My little brother Kyle is one of my favorite people in the world, and it wasn’t too surprising to hear him laughing like that mentally handicapped hyena on The Lion King. He was all by himself in front of the television.
I rush into the living room to jump in on the fun and see him watching a show called Tosh.0 where the host makes fun of various You-Tube videos found online. This one was playing.
“I wanted to do hood rat stuff with my friend.” “He smokes real cigarettes.” “I yanked it…I yanked the uh thing.” And my absolute favorite, “I do it cuz it’s fun, fun to do bad things.” (Watch his shoulder go up in an ‘I do what I want’ kind of way when he says it.) This sole video has become Cameron and my favorite past-time. It’s easy to lighten any mood by doing a little shoulder raise and saying “I like to do bad things.” That quote has also become so frequent, that many think it’s an inside joke…well I’ll tell ya what. You are now on the inside.

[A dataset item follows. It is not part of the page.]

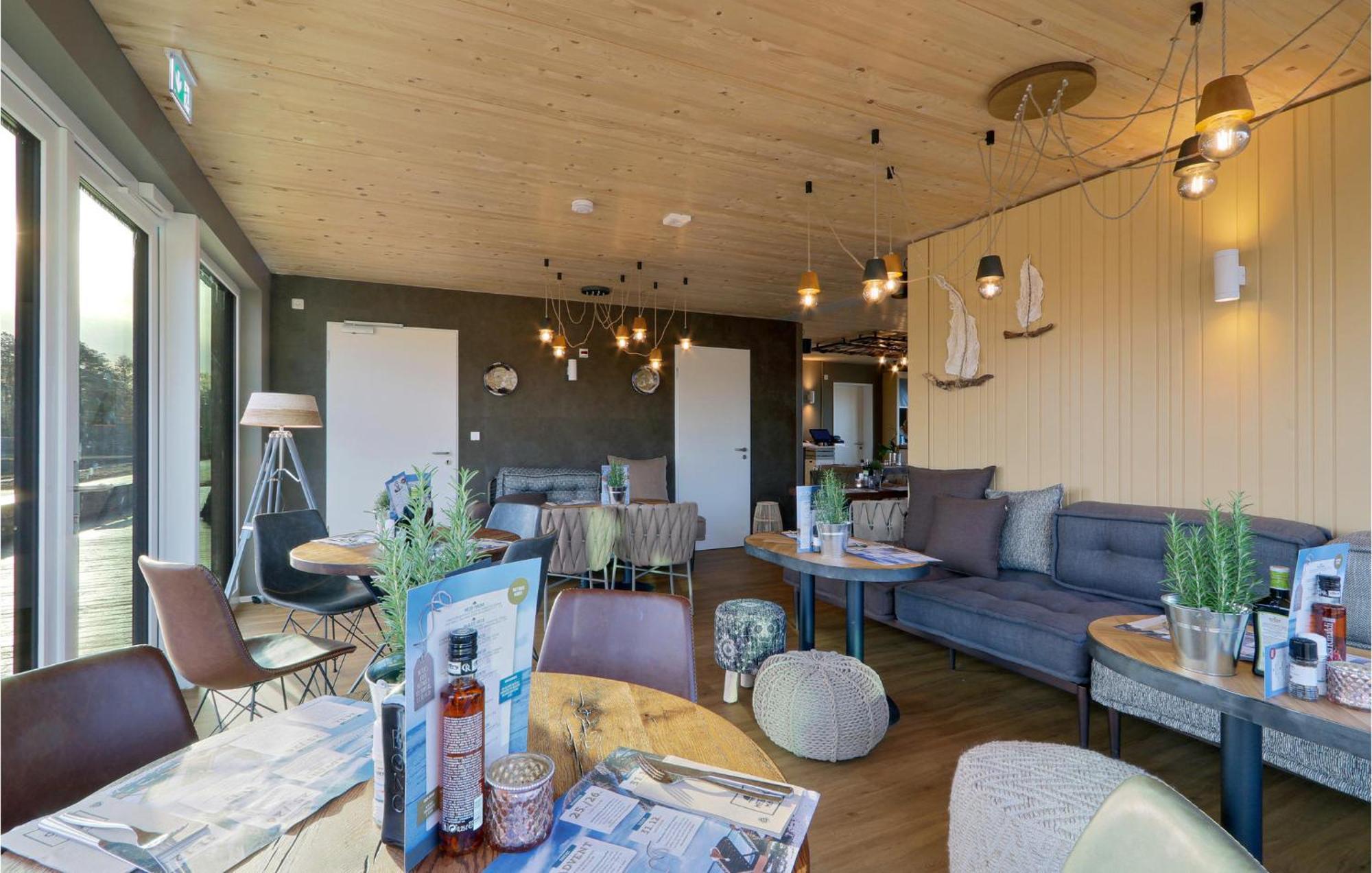 Beach Front Home In Lembruch-Duemmer See With Wifi Bagian luar foto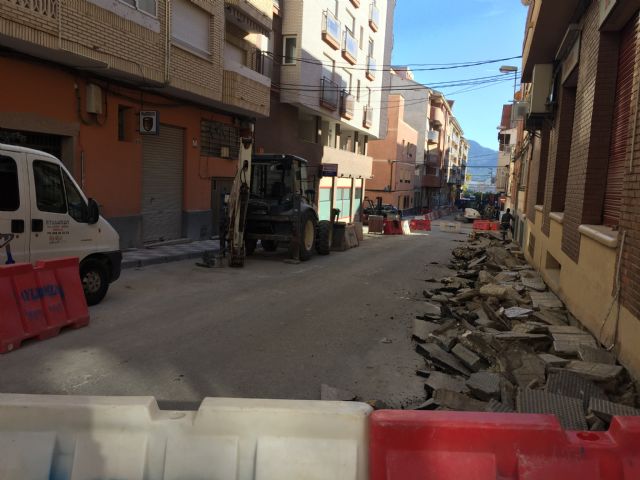 En marcha las obras de renovación y ensanche de las aceras de la calle Juan Ramón Jiménez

Last Thursday, Cameron and I drove down to Utah to go to his friend Emily’s reception. The decor was beautiful, the food was divine, and there was even a comfy couch in the ballroom that we got all to ourselves. We were engaging in our typical routine, scouting out the people, making fun of any weird gestures, mannerisms, or outfits, and then the moment arose. The crucial moment when we saw…
We saw the hood rat walking around the ballroom, hands in his pockets, a huge bag of candy hanging out of one. We both turned to each other and without a word, we knew he was up to no good, we knew he was wanted to do something “fun”. After fifteen minutes of watching him roam in and out of each dancing group, go into the dining area, and come back to repeat, we noticed that not once did an adult-or anyone for that matter-come talk to Latarion. It was obvious to see that he came all by himself. It was obvious to see that he was the 7-year-old wedding crasher.
We had to talk to him, we had to see if he would PLEASE just quote a little “hoodrat” talk for us, so we signaled him over. He looked around, behind, and realized that it was him that we wanted, so he came over, walking very slow, wary, and careful. “What’s your name?” we asked him. “Jake. I mean Jacob.” His voice sounded EXACTLY like Latarion’s, so we knew that was his decoy name. He was wearing a Star Wars shirt, so we asked him if he knew all the characters and which ones he liked. He shrugged his shoulders and wouldn’t say a word. He felt interrogated and could tell we were on to his mischief so he spun on a dime and left us mid-question. He would make his rounds a few more times, hands still glued into his pockets, and we would repeatedly signal him over to us. He looked me in the eye, looked away, looked back, and did that signature shoulder raise that I had studied over and over. It was him. It was great. And it was the last we saw of Latarion “Jake” Milton.